THE PROBLEM: Reproduce all of the records word for word, omitting the pictures.

Web page caption snippets:
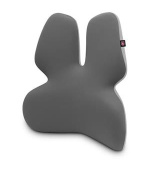 CONNECT IT FOR HEALTH GamaPro Anatomická bederní opěrka na židli, ŠEDÁ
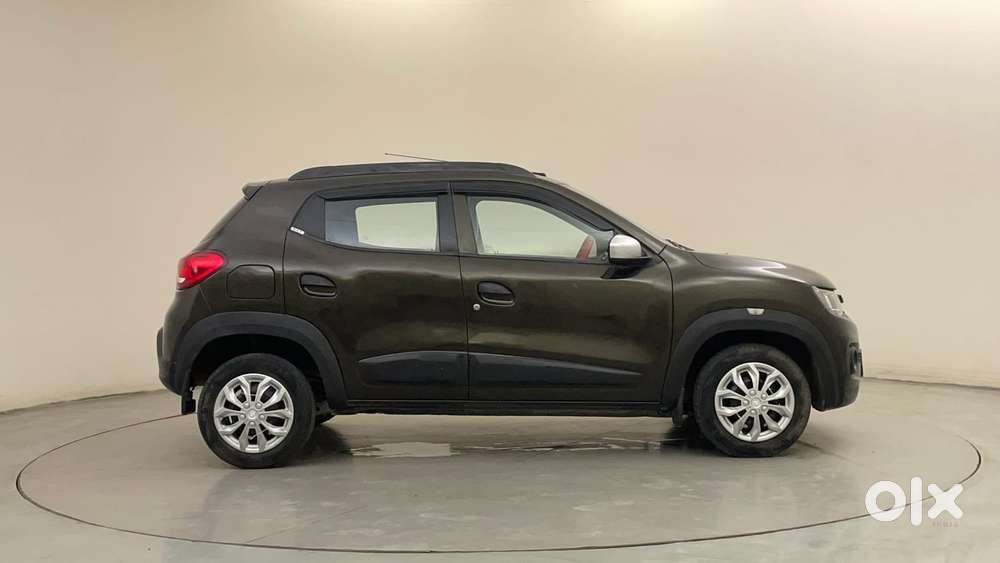 Renault Kwid 1.0 Rxt Amt, 2017, Petrol
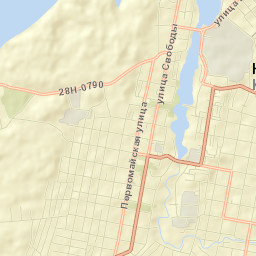 Konakovo Street Map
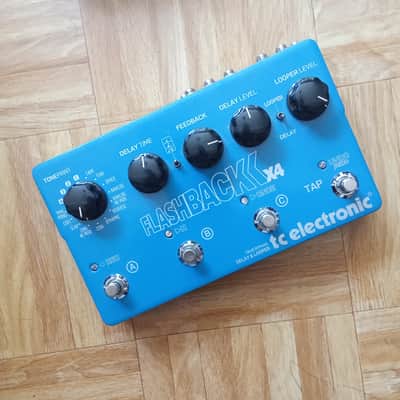 TC Electronic Flashback X4 Delay & Looper with MIDI image 1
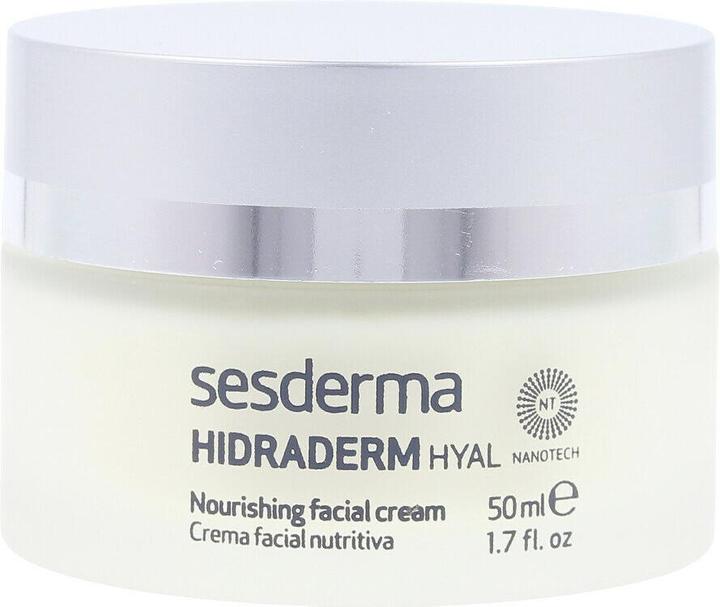Image du produit Sesderma Hidraderm Crème Nourrissante Hyal (50 ml) (50 ml, Crème 24h)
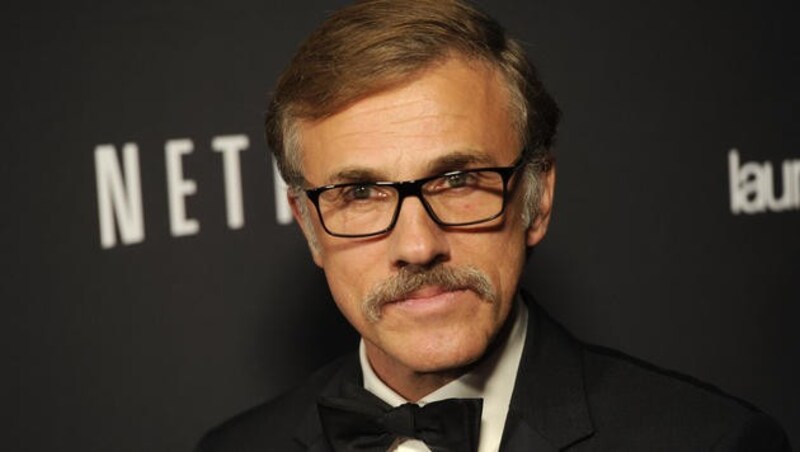 Christoph Waltz (Bild: AP/Chris Pizzello)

ANSWER SPACE:
 CONNECT IT FOR HEALTH GamaPro Anatomická bederní opěrka na židli, ŠEDÁ
 Renault Kwid 1.0 Rxt Amt, 2017, Petrol
 Konakovo Street Map
 TC Electronic Flashback X4 Delay & Looper with MIDI image 1
Image du produit Sesderma Hidraderm Crème Nourrissante Hyal (50 ml) (50 ml, Crème 24h)
 Christoph Waltz (Bild: AP/Chris Pizzello)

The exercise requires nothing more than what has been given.